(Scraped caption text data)
============================================================
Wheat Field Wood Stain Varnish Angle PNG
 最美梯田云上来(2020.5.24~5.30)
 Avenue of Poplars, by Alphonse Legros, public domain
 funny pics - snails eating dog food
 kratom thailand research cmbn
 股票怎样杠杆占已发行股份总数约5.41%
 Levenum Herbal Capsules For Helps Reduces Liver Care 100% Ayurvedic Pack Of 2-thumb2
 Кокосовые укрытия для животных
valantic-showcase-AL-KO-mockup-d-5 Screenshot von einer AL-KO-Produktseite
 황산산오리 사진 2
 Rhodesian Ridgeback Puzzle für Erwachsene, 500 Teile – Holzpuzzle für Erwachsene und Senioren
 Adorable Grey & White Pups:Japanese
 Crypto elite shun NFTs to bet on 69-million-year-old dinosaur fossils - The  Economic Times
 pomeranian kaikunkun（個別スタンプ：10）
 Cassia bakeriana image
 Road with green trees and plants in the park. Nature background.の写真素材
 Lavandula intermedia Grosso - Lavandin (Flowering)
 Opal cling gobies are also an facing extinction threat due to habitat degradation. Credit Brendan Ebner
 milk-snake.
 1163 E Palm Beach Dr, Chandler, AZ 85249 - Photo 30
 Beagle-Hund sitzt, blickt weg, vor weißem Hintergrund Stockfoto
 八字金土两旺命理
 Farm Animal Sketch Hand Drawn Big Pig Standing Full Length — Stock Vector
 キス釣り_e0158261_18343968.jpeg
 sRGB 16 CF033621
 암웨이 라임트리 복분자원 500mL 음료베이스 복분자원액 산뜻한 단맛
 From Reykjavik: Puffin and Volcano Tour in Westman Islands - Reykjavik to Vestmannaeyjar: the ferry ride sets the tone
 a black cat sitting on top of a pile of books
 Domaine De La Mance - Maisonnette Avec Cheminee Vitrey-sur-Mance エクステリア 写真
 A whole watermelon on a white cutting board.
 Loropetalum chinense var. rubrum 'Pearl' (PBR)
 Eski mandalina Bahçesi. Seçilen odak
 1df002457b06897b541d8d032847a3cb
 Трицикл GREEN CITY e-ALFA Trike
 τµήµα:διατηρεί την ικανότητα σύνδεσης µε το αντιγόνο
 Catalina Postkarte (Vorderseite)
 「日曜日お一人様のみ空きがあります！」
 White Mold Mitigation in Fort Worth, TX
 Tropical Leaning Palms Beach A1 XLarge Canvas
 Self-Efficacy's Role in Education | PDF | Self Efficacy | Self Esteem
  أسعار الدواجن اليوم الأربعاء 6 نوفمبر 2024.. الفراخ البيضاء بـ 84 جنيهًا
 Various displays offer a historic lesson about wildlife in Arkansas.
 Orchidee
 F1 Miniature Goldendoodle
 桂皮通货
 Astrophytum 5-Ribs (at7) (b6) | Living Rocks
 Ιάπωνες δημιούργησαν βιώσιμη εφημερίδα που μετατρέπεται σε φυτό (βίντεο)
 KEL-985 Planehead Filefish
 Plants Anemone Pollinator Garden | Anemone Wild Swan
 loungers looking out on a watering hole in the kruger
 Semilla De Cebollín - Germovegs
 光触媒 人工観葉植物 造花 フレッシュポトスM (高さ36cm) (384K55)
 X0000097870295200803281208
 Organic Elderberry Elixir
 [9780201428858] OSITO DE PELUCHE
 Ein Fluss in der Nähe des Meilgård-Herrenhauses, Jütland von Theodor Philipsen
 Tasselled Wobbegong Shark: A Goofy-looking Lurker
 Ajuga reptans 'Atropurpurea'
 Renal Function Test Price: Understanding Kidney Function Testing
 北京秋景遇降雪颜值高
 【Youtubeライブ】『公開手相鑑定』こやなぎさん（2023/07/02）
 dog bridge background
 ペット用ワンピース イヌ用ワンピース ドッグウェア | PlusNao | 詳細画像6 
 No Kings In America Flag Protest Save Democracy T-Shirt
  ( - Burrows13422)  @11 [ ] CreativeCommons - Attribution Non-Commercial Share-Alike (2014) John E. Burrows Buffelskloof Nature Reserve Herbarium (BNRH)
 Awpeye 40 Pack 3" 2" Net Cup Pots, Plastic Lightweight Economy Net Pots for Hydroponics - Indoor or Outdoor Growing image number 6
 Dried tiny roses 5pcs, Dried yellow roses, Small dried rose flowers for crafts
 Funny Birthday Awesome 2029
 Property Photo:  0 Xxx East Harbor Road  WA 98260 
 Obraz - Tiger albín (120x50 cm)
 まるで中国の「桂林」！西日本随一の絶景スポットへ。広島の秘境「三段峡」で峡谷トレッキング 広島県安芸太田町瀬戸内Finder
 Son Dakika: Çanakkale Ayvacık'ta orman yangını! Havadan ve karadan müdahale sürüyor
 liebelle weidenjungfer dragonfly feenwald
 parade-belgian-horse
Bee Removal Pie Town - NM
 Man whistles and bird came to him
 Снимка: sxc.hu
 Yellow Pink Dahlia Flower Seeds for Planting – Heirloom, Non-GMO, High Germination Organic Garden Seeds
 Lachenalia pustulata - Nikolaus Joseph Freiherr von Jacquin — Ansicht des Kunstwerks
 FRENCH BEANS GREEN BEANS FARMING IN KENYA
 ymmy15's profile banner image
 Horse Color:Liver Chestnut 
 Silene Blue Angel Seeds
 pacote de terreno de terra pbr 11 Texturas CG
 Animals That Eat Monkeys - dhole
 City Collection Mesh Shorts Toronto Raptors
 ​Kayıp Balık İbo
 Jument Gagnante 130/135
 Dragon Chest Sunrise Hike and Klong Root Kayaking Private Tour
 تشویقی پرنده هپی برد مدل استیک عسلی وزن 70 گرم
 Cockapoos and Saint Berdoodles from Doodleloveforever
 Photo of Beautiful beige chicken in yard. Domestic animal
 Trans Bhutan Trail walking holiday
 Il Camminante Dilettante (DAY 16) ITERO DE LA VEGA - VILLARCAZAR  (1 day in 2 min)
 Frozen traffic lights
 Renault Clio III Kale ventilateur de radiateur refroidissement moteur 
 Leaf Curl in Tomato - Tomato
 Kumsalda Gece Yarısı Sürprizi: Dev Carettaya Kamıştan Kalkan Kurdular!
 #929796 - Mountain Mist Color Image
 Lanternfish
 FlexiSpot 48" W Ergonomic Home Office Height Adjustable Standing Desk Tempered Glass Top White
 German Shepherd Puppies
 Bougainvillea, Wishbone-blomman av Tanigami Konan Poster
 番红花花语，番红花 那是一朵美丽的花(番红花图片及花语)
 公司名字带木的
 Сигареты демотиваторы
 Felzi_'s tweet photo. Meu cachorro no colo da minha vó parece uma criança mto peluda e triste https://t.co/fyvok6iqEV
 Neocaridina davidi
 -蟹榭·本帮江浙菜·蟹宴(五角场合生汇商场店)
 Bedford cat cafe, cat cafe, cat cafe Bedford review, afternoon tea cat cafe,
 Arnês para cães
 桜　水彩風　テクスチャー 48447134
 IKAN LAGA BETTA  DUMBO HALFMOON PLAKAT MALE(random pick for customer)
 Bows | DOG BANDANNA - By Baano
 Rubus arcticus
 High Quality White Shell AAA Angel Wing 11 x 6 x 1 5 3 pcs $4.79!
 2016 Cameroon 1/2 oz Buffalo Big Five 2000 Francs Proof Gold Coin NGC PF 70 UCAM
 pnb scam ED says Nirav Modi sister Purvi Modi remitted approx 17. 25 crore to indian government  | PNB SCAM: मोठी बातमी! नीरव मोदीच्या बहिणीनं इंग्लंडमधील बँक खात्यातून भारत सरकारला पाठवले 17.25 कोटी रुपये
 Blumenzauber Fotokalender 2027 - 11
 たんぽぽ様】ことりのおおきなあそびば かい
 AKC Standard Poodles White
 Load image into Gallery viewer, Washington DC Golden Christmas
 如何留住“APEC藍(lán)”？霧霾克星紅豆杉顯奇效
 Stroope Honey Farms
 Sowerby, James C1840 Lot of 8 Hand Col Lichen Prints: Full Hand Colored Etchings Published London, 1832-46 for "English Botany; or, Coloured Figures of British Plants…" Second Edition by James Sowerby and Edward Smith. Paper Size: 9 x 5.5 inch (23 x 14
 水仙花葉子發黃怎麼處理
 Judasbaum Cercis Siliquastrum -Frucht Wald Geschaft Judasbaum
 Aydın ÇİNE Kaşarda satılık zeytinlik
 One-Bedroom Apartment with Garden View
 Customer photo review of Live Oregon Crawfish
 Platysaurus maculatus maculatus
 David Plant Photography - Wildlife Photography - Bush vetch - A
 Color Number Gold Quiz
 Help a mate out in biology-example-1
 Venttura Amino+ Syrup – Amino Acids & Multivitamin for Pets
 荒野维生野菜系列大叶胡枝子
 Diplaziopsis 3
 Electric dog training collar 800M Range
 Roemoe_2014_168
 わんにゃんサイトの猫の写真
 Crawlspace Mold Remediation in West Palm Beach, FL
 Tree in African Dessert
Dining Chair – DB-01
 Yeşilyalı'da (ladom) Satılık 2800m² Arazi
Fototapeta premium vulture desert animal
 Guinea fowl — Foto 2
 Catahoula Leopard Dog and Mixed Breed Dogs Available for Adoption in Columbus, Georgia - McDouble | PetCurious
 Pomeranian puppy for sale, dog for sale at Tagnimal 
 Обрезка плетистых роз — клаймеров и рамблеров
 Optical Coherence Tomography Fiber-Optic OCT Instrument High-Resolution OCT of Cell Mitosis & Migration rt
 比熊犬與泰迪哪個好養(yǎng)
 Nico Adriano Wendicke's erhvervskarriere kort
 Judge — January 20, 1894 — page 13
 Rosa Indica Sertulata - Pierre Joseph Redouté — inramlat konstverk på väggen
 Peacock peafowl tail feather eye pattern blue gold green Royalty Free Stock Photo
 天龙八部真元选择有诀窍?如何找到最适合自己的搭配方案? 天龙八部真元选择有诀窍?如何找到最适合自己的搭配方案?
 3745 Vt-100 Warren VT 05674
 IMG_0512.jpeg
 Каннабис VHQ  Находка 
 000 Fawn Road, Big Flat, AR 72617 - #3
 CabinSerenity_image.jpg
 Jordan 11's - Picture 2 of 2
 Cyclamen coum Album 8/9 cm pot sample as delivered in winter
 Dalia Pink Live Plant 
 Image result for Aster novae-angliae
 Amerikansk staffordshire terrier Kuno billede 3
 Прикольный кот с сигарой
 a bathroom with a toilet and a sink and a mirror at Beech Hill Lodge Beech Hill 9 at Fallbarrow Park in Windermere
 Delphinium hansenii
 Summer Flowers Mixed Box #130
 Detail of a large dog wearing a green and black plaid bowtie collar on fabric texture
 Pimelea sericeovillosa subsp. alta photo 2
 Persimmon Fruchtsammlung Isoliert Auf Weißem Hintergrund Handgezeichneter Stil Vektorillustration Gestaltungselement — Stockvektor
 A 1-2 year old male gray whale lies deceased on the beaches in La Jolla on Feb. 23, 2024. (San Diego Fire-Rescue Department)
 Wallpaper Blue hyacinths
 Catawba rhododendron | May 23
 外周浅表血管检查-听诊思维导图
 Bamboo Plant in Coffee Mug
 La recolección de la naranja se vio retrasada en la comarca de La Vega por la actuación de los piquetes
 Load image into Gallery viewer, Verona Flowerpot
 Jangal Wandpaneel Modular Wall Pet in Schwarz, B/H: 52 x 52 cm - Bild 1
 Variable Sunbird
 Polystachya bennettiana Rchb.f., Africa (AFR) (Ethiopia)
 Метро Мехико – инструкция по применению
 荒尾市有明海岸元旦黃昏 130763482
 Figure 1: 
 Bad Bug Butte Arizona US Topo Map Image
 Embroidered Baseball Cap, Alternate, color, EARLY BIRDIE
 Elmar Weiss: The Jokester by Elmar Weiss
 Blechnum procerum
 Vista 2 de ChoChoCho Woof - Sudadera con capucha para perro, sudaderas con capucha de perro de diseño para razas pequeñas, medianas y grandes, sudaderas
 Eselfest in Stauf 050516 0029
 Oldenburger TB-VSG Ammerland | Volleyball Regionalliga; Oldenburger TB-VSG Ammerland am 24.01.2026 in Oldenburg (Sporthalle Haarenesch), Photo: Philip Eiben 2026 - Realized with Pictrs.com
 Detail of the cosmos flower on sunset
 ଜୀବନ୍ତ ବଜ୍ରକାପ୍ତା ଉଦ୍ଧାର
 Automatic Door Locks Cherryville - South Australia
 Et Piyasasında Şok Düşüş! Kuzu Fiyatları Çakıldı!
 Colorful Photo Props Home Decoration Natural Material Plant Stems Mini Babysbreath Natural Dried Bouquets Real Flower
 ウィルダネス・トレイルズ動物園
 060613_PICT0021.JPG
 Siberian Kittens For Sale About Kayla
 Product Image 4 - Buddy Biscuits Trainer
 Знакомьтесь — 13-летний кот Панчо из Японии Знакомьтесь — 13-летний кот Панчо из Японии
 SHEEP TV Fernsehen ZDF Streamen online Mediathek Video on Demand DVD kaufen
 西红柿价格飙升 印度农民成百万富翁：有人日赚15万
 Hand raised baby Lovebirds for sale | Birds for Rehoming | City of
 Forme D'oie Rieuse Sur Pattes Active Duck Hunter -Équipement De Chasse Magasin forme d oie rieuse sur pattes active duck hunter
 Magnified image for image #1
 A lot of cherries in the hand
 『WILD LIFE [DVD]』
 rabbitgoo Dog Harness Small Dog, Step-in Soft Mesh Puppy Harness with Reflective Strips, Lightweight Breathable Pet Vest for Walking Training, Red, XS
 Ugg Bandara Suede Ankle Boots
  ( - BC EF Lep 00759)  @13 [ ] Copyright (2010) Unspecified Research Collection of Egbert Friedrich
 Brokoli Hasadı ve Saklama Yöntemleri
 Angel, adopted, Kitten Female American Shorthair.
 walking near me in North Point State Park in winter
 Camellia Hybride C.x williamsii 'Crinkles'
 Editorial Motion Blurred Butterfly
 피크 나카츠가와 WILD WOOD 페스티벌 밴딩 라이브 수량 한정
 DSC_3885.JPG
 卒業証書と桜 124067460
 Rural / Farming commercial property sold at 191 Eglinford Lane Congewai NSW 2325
============================================================
• _Your goal_:
All that belongs in the answer is the lines from the start of the entries above through the line containing "Cassia bakeriana image", each given exactly.

• _Solution to this exercise_:
Wheat Field Wood Stain Varnish Angle PNG
 最美梯田云上来(2020.5.24~5.30)
 Avenue of Poplars, by Alphonse Legros, public domain
 funny pics - snails eating dog food
 kratom thailand research cmbn
 股票怎样杠杆占已发行股份总数约5.41%
 Levenum Herbal Capsules For Helps Reduces Liver Care 100% Ayurvedic Pack Of 2-thumb2
 Кокосовые укрытия для животных
valantic-showcase-AL-KO-mockup-d-5 Screenshot von einer AL-KO-Produktseite
 황산산오리 사진 2
 Rhodesian Ridgeback Puzzle für Erwachsene, 500 Teile – Holzpuzzle für Erwachsene und Senioren
 Adorable Grey & White Pups:Japanese
 Crypto elite shun NFTs to bet on 69-million-year-old dinosaur fossils - The  Economic Times
 pomeranian kaikunkun（個別スタンプ：10）
 Cassia bakeriana image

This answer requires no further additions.